Of the lines in the data below, write out exactly those from the one holding "Chianti Classico Tasting" through the one holding "Holstein Mare 7", both included.

BEGIN DATASET EXCERPTS

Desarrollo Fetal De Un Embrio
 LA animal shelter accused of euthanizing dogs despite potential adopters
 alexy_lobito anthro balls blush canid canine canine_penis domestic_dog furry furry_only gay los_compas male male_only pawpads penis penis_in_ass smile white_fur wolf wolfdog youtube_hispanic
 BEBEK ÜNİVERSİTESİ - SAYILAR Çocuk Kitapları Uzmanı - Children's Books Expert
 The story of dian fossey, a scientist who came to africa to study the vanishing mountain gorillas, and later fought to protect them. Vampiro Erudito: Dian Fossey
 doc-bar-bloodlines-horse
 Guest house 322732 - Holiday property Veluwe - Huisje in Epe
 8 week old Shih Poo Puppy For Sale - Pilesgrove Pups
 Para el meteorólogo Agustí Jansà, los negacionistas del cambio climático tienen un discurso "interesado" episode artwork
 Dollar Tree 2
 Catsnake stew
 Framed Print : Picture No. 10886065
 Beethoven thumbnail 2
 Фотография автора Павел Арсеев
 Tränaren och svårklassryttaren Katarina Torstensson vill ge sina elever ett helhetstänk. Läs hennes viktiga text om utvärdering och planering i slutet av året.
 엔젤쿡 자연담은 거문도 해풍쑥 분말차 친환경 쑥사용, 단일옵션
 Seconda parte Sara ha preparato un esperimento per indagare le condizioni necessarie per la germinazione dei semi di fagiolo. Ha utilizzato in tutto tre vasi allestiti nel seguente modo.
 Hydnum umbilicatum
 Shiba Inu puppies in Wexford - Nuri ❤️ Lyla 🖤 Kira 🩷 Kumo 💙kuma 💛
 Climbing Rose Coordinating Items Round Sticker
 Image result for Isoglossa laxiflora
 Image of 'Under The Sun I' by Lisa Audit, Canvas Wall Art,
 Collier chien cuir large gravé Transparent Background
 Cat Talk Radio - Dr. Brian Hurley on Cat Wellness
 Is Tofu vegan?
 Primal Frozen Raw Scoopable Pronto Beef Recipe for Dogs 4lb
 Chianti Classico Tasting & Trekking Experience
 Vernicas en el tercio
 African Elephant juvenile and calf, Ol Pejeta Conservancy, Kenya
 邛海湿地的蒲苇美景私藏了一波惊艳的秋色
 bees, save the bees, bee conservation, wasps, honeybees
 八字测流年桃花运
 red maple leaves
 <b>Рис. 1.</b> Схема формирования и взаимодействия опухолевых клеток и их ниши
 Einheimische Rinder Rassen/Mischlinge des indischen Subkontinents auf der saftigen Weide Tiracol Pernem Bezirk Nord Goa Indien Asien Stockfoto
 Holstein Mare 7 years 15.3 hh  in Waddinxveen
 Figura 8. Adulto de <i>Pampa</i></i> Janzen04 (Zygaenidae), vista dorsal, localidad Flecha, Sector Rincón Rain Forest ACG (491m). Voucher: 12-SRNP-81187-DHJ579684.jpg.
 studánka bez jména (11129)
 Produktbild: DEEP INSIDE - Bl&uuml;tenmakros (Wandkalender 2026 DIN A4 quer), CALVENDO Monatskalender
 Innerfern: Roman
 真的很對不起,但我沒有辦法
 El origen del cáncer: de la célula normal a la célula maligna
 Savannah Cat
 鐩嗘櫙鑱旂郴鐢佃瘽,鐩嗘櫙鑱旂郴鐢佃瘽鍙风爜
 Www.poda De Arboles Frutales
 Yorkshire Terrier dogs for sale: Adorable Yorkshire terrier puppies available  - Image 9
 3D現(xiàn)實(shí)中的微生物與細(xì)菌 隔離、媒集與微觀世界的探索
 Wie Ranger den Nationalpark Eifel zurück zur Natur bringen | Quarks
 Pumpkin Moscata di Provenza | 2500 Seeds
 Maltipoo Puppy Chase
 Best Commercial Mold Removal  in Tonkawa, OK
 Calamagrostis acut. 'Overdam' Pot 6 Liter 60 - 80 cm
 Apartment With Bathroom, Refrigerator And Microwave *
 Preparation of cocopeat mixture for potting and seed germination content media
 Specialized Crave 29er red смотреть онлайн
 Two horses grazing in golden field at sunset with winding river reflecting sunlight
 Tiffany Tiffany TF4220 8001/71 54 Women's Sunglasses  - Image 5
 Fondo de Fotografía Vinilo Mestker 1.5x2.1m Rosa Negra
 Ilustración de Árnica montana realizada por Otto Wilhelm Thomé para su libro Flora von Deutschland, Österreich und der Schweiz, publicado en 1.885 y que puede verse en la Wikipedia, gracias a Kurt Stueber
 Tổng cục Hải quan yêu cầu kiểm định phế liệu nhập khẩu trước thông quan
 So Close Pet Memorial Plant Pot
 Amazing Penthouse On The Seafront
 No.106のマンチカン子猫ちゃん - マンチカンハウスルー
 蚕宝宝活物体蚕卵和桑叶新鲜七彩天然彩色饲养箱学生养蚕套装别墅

END DATASET EXCERPTS

> EXPECTED OUTPUT:
 Chianti Classico Tasting & Trekking Experience
 Vernicas en el tercio
 African Elephant juvenile and calf, Ol Pejeta Conservancy, Kenya
 邛海湿地的蒲苇美景私藏了一波惊艳的秋色
 bees, save the bees, bee conservation, wasps, honeybees
 八字测流年桃花运
 red maple leaves
 <b>Рис. 1.</b> Схема формирования и взаимодействия опухолевых клеток и их ниши
 Einheimische Rinder Rassen/Mischlinge des indischen Subkontinents auf der saftigen Weide Tiracol Pernem Bezirk Nord Goa Indien Asien Stockfoto
 Holstein Mare 7 years 15.3 hh  in Waddinxveen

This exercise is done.